Les erreurs du passé ne semblent pas avoir servi de leçon. La situation était prévisible, selon le sénateur LR Jean-François Husson. "Le dérapage constaté en 2023 a forcément des répercussions en 2024. Si la base taxable produit moins de recettes et que cela se prolonge, on est alors dans une forme de goulot d’étranglement", déplore le rapporteur général de la commission des Finances du Sénat. Avec une procédure de déficit excessif de la Commission européenne désormais au-dessus de sa tête, la France ne peut se permettre de nouvel écart. Alors comment expliquer ce nouveau risque de dérapage ? "Il y a des changements de comportements plus rapides dans la consommation du grand public et peut-être aussi qu’il y a des dépenses imprévues ou des absences de recettes non anticipées que les modèles de Bercy ont du mal à intégrer", avance comme première justification le sénateur.
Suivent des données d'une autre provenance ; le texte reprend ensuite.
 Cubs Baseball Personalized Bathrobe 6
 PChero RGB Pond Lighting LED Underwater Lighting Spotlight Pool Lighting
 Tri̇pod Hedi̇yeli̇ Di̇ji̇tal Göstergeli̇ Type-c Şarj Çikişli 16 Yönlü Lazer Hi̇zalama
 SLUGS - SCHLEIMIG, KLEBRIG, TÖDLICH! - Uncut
Mais entre-temps, les équipes du ministère auraient dû corriger le tir.
En se trompant de nouveau sur ses prévisions, Bercy entamerait un peu plus la confiance des citoyens envers leurs gouvernants, déjà fragile. "C’est un message anxiogène. Bercy est perçu par les Français comme une citadelle impénétrable, dont les agents finissent toujours par gagner et faire valoir leur point de vue, même quand le politique essaye de modifier les choses", juge Jean-François Husson.
L’élu en appelle à plus de transparence : "Même si les nouvelles sont peu agréables, il vaut mieux les dire et donner toutes les informations". Convié au rendez-vous de jeudi avec Eric Coquerel, aux côtés du nouveau rapporteur général du budget de l’Assemblée nationale, Charles de Courson, il n’a pour l’instant pas donné suite à la demande du ministre. Le sénateur regrette que Bercy n’ait pas encore fourni tous les documents nécessaires pour comprendre et analyser la situation délétère des finances publiques. "Il faut respecter le Parlement, c’est inacceptable", s’emporte-t-il. En mars dernier, Jean-François Husson avait mené une mission de contrôle au ministère de l’Economie, à la suite de l’annonce de la dégradation du déficit. Face au manque de clarté, il prévient : "Si je n’ai pas les éléments, je refais une descente". Bercy est prévenu.